My problem is when I index large text fields, Solr will not return any data when searching for these fields. The limit appears to be int16.max.

As a test, I created an index with an id field and a string field. If the id field is "1" and the string field contains 40,000 characters:

  • id:1 will return both fields with the 40,000 characters showing that it did get indexed.
  • string:* returns no results

If the string field only contains 30,000 characters everything seems to work fine.

I cannot find any documentation that states this is a limit, nor can I find any way around it, as the maxFieldLength was removed in 4.0 and the string field does not support analyzers.

Has anyone else run into this problem or found a workaround?

1
I am not sure about this but this can be considered a workaround. Try using the "Text" fieldType along with "KeywordTokenizer" which in turn will work like your "string" field..Mavellin

1 Answers

2
votes

I spent a lot of time on this, so I am posting the solution I came up with in case anyone else runs into this problem. Using the text field type with the KeywordTokenizer did work like the string field, right down to the length limit that I ran into with the string field type.

Ultimately, I created a custom tokenizer after reading this thread with a couple of changes:

  1. He wanted the standard behavior, so his is based on the StandardTokenizer, whereas I wanted it to act like a string field. I first tried using the KeywordTokenizer, but still ran into limits, so ultimately I based mine off of the WhitespaceTokenizer (more below).

  2. The code there is out of date and doesn't work with Solr 4.0.

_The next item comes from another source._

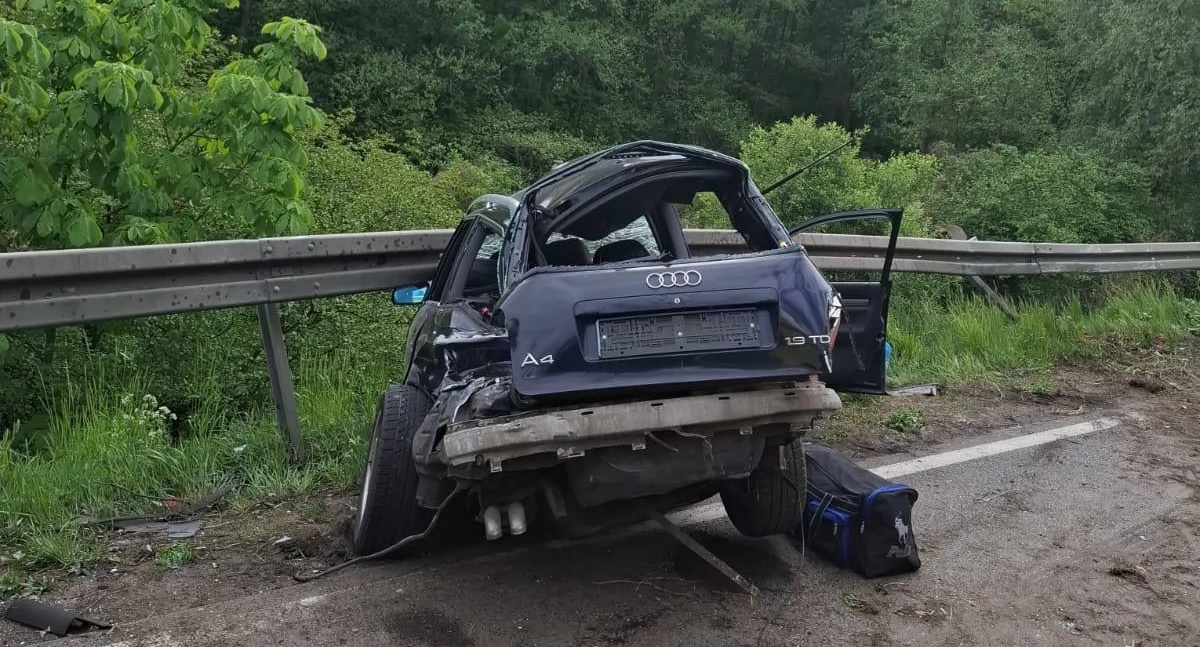 Poważny wypadek pod Toruniem. Kierowca auta zatrzymał się na barierkach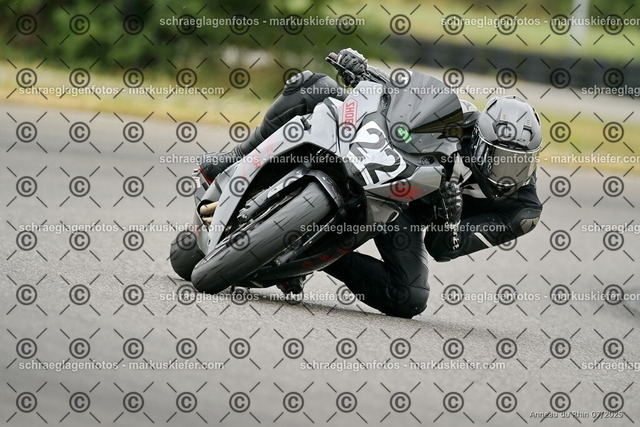 25bt05-0646 | markuskiefer.com - Realisiert mit Pictrs.com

The code for the WhitespaceTokenizer is very short, and it contains a method called isTokenChar the returns !Character.isWhitespace(c);. I simply changed this to always return true. After that I created a TokenizerFactory to return it and referenced it in schema.xml the same way that the linked thread did.

MyCustomTokenizer.java:

package custom.analysis;

import java.io.Reader;
import org.apache.lucene.analysis.Tokenizer;
import org.apache.lucene.analysis.util.CharTokenizer;
import org.apache.lucene.util.AttributeSource;
import org.apache.lucene.util.Version;

public final class MyCustomTokenizer extends CharTokenizer {

  public MyCustomTokenizer(Version matchVersion, Reader in) {
    super(matchVersion, in);
  }

  public MyCustomTokenizer(Version matchVersion, AttributeSource source, Reader in) {
    super(matchVersion, source, in);
  }

  public MyCustomTokenizer(Version matchVersion, AttributeFactory factory, Reader in) {
    super(matchVersion, factory, in);
  }

  @Override
  protected boolean isTokenChar(int c) {
    return true; //!Character.isWhitespace(c);
  }
}

MyCustomTokenizerFactory.java:

package custom.analysis;

import org.apache.lucene.analysis.util.TokenizerFactory;
import org.apache.lucene.analysis.core.KeywordTokenizerFactory;
import org.apache.lucene.analysis.core.KeywordTokenizer;

import java.io.Reader; 
import org.apache.lucene.util.Version;


public class MyCustomTokenizerFactory extends TokenizerFactory {
  public MyCustomTokenizer create(Reader input) { 
    final MyCustomTokenizer tokenizer = new MyCustomTokenizer(Version.LUCENE_40, input); 
    return tokenizer; 
  } 
} 

schema.xml:

<fieldType name="text_block" class="solr.TextField" positionIncrementGap="100"> 
   <analyzer> 
     <tokenizer class="custom.analysis.MyCustomTokenizerFactory" />        
   </analyzer> 
</fieldType> 

Using this approach I was able to index large text fields (>100k characters) with functionality like the string field. If someone finds a better way, please post it!